Well, my move to London has been in the hope of pursuing an international career. I have got myself a strong agent there. It’s been a little more than a year for me there, but out of that, I have spent six months in India shooting for projects here. You have to spend time there to let people know you are interested. Let’s see… fingers crossed.
So many years down the line, what makes you get to work with the same enthusiasm and energy? Does the key lie in being choosy about what you pick?
I think so. I have always believed that there is no point draining yourself out as an actor. This business is very exhausting, you know. It’s a 12-hour shift a day… and that’s only shoot time. There are also things like hair and make-up, prep, training in the gym if the character demands it, there’s travelling to work, the shooting, then prepping for the next day in your head, learning the dialogues. It’s hard being an actor.
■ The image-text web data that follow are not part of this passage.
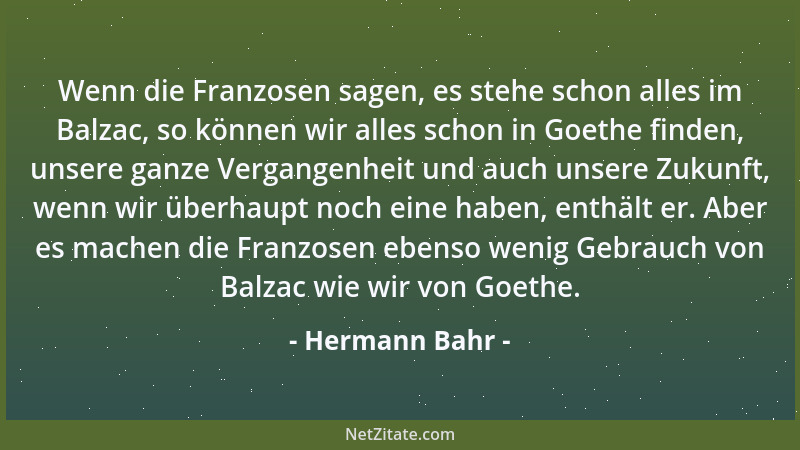 Hermann Bahr - Wenn die Franzosen sagen, es stehe schon alles im Balzac, so können wir alles schon in Goethe finden, unsere...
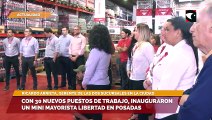Con 30 nuevos puestos de trabajo, inauguraron un mini mayorista Libertad en Posadas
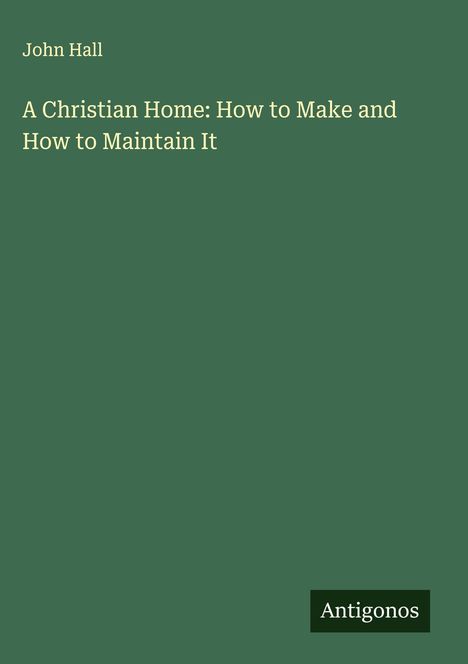 John Hall: A Christian Home: How to Make and How to Maintain It, Buch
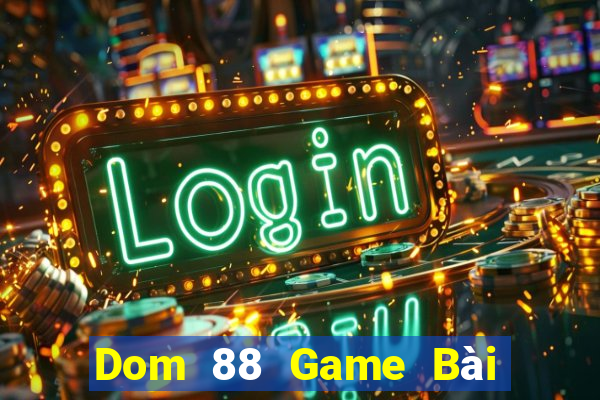 Dom 88 Game Bài Đổi Thưởng Caovietnet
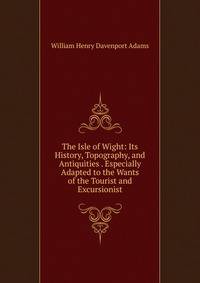 The Isle of Wight: Its History, Topography, and Antiquities . Especially Adapted to the Wants of the Tourist and Excursionist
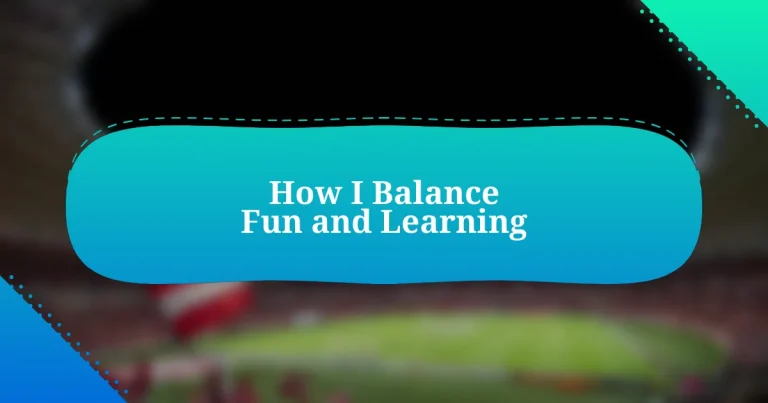 How I Balance Fun and Learning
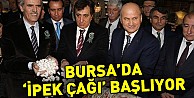 Bursa’da ‘ipek çağı’ başlıyor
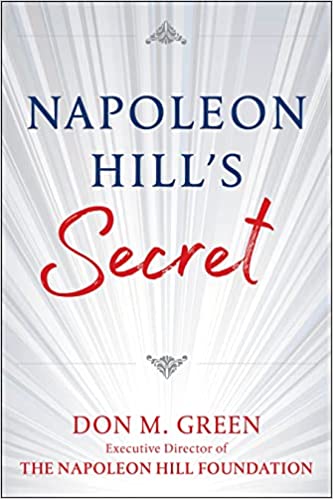 NAPOLEON HILL’S SECRET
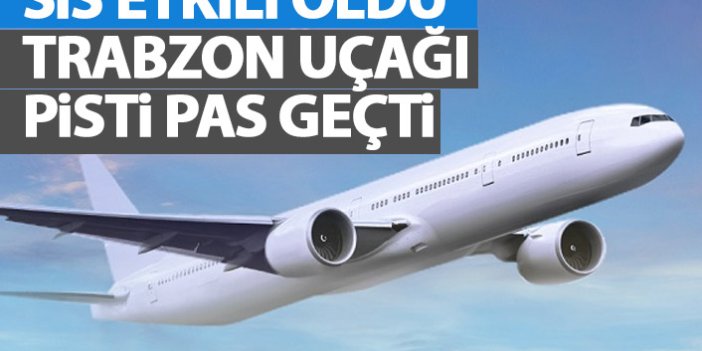 Trabzon uçağı pisti pas geçti!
A full-blown project involves a six-day week and you get only five-six hours of sleep every night.
I am lucky that I get to take a break after every project, spend time with the family, take a breather, get in touch with myself as a person after playing a character… I need to keep resetting. I have been working for 22 years and I have done multiple projects at a time, but never flooded myself with work. If someone is in a hurry to sign me on for a project and can’t wait, I politely tell them, ‘Aap kisi aur ke paas chale jaaiye, main jump nahin maroonga yahaan se wahaan’. It’s worked for me, so far (smiles).